#### [WHAT YOU WILL DO]
The answer is the exact run of lines in the listing below from the line containing "broderie et labyrinthe" up to and including the line containing "Dali Crepes Rewards screenshot 1", with pictures removed.

#### [DATA IN THIS EXERCISE]
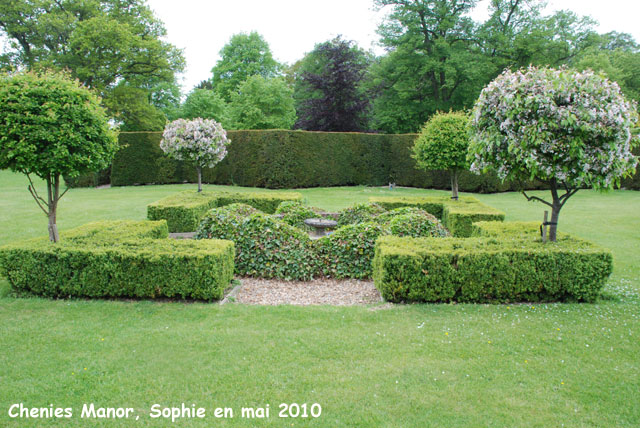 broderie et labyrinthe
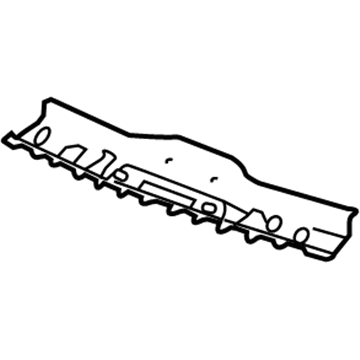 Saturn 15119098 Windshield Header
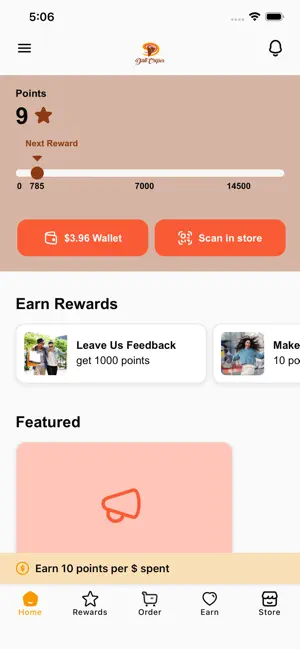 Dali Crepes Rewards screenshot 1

...

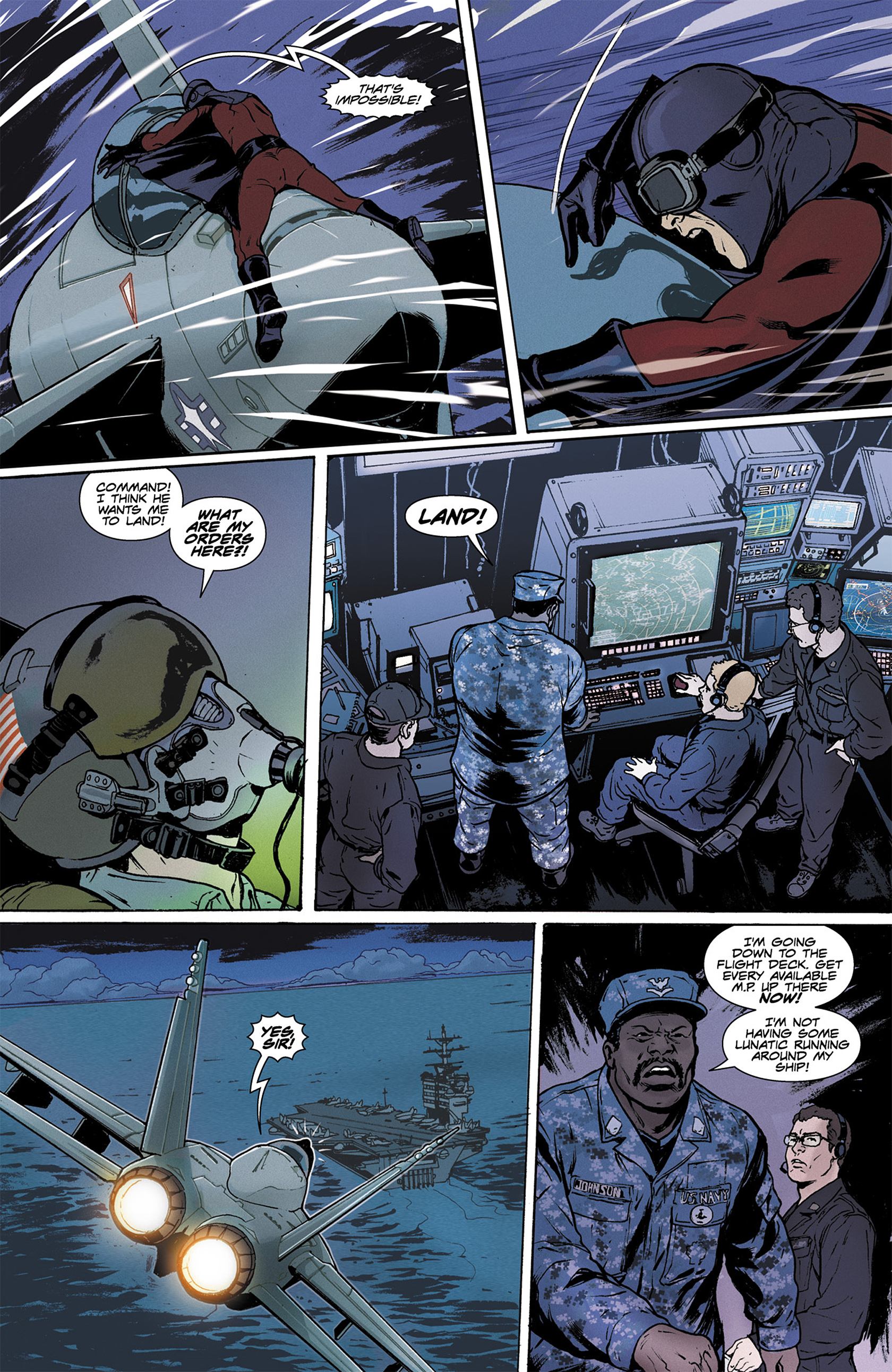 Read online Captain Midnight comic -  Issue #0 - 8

#### [SOLVED EXERCISE]
 broderie et labyrinthe
 Saturn 15119098 Windshield Header
 Dali Crepes Rewards screenshot 1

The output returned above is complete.